Nelle Vite del Pascoli apprendiamo infatti che il Baciccio dipingeva in uno stile tutto contrario al generale e comune; e diceva averlo appreso dal Bernini, il quale nel ritrar le persona non voleva che stessero ferme e chete, ma che parlassero".
Nel 1674 Cheron esegue un'altra medaglia celebrativa: Bernini, avvolto in un ampio mantello, si presenta già stempiato e sull'allegoria del verso della medaglia campeggia un motto che ben descrive ai posteri come venisse percepito l'anziano artista a quel tempo: "Singularis in singulis - in omnibus unicus". Nemmeno il Re Sole era stato omaggiato con una tale dichiarazione di superiorità su un medaglione celebrativo: il suo "nec pluribus impar" suona al paragone decisamente più dimesso e meno pretenzioso!
L'ultimo stadio dell'artista è ben testimoniato dal ritratto a mezzo busto del Baciccia, poi ripreso in altre due tele più grandi e solenni, a figura più completa, sempre con l'elegante abito grigio da aristocratico, la mano gesticolante e la bocca dischiusa nell'istante prima di iniziare un discorso.
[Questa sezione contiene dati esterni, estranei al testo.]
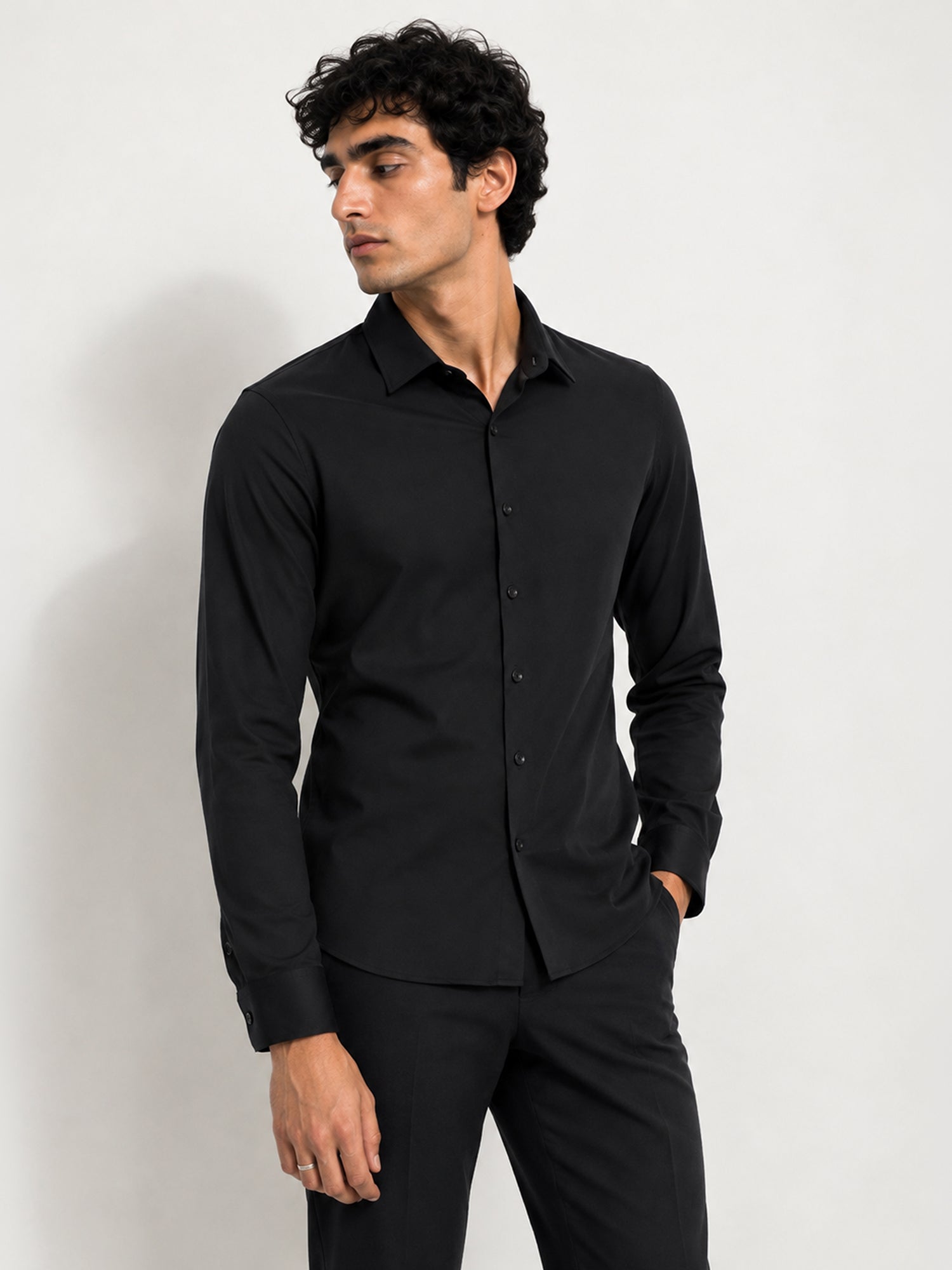 Men Black Solid Formal Shirt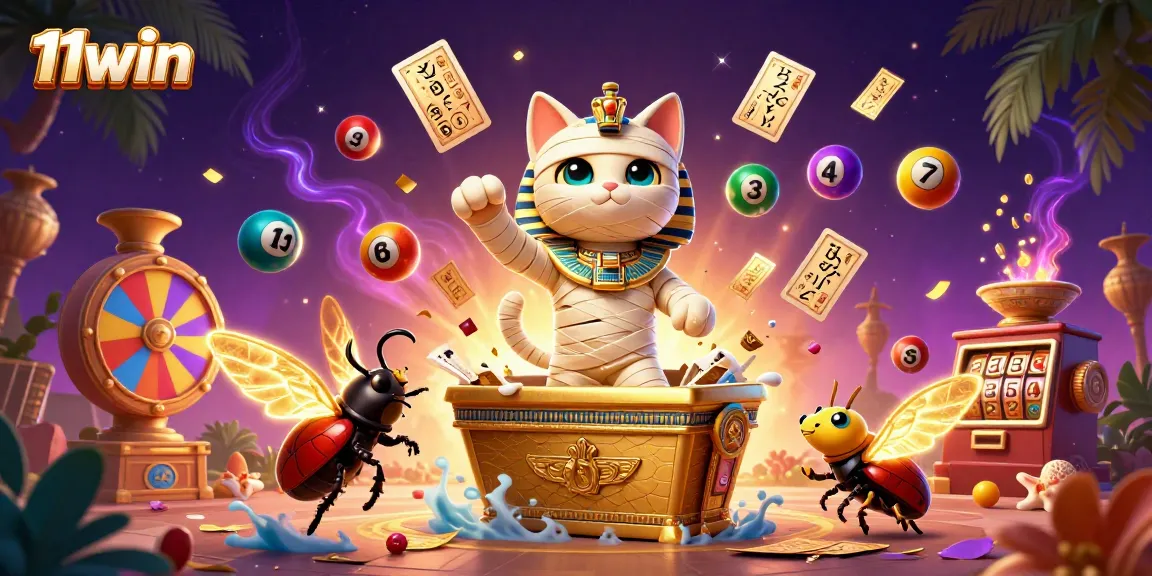 Experience thrilling gameplay at 11win with our vibrant casino illustration showcasing exciting lottery and slot elements.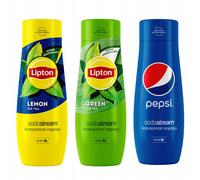 Concentrati Lipton Limone+Verde+Pepsi SodaStream, confezione da 3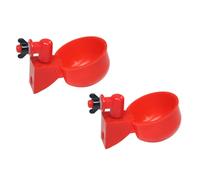 COHEALI Automatic Poultry Water Dispenser Red 2pcs Easy Operation Plastic Chicken and Quail Waterer for Farm and Backyard Use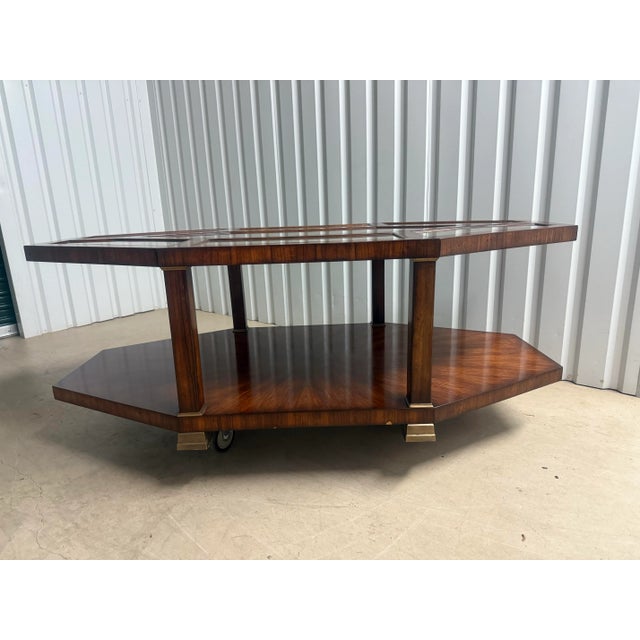 Vintage Theodore Alexander Style Eglomisé Mahogany Coffee Table For Sale In Mobile - Image 6 of 11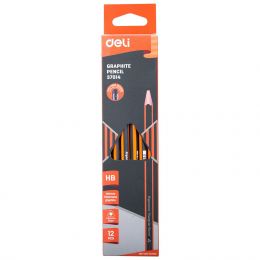 Pencils - HB (1pc) Orange/Black Triangular with Eraser Tip  - Deli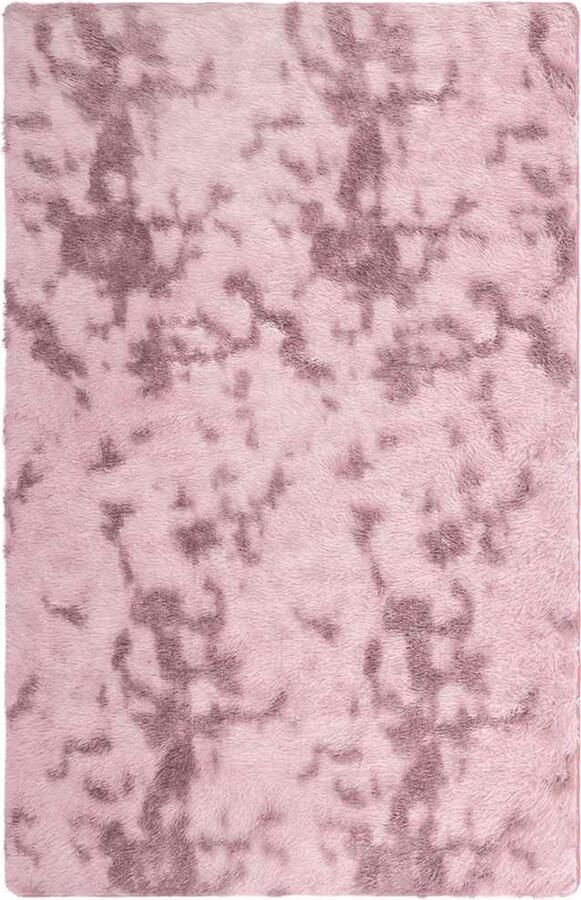 VidaXL Hoogpolig vloerkleed NAVARRA 130x200 cm polyester stoffig roze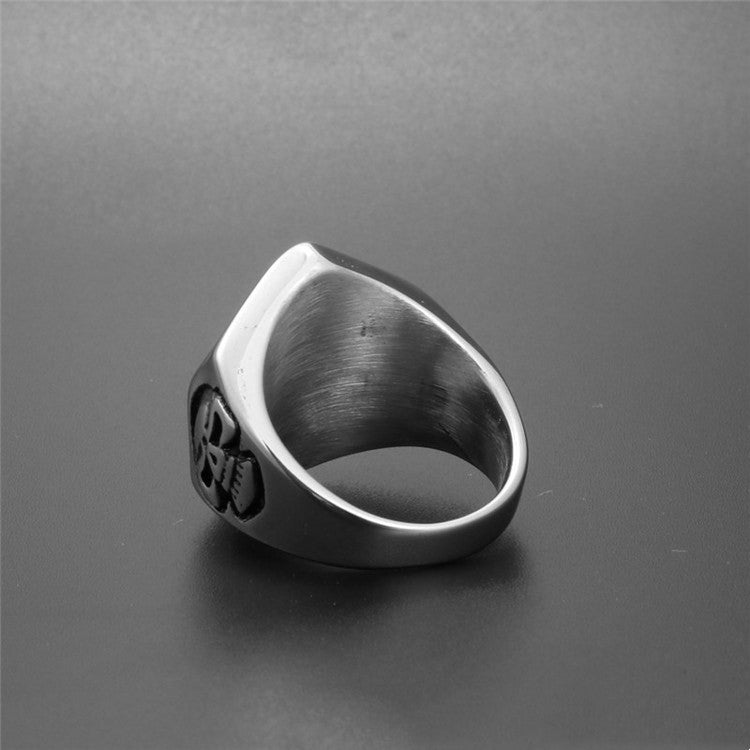 Mens Titanium Steel Ring Retro Ghost Head Biker Ring Gothic Punk Rock Jewelry Band Silver US Size Stylish Accessory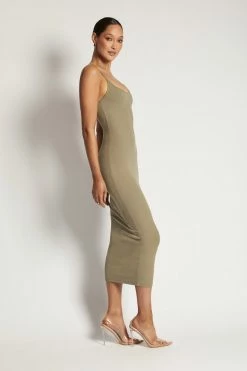 ROM DRESSES Alexis Ribbed Cami Midi Dress - Moss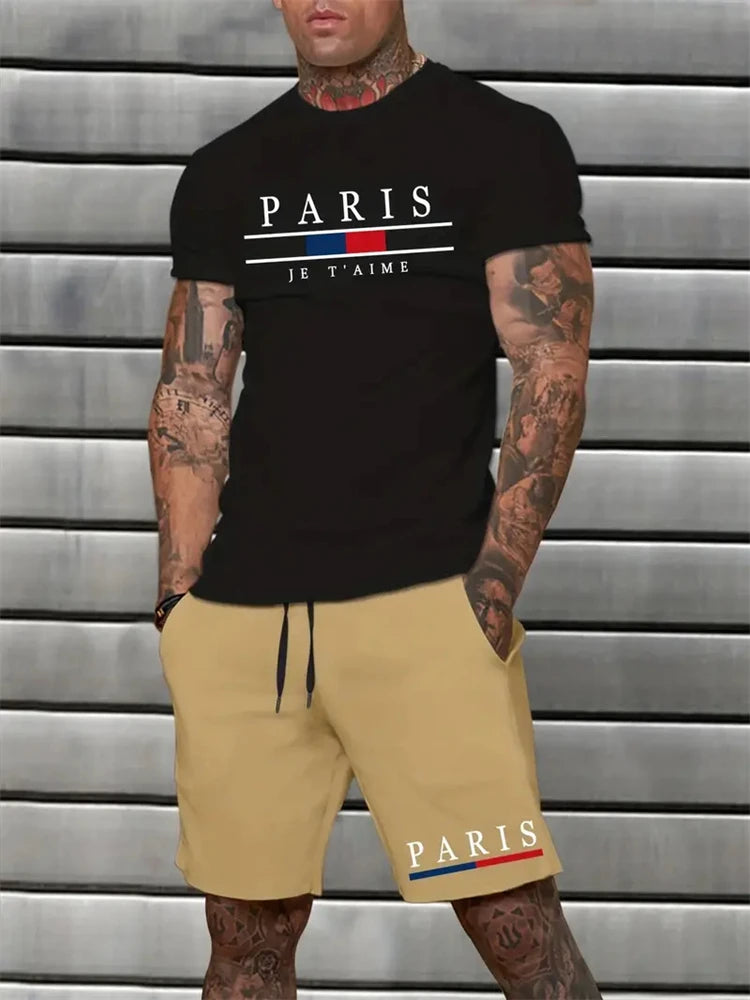 set / 2025 New Fashion Design Men's T-Shirt Men's Sports Drawstring Shorts Simple Printed Men's 2-Piece Summer Gym Breathable Suit - Ellianto fashion Men's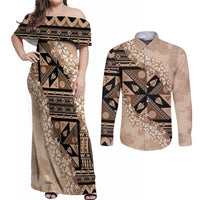 Bula Fiji Plumeria Tagimoucia Salusalu Beige Couples Matching Off Shoulder Maxi Dress and Long Sleeve Button Shirt Kaiviti Masi LT7 Beige - Polynesian Pride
Il pizzetto leggermente mosso, il sopracciglio sinistro un pò inarcato, gli occhi gonfi e arrossati, le gote subizze, il colletto in movimento: sono tutti particolari che ci fanno pensare ad una ripresa dal vivo, magari proprio durante una lezione nella sua a quel tempo ancora viva e affollatissima bottega. Alla soglia degli 80 anni il "regista del barocco" cova ancora sotto la cenere delle rughe quella personalità "tutta fuoco" con la quale aveva incendiato l'intera Europa e l'aveva fatta ardere di meraviglia e rinnovamento.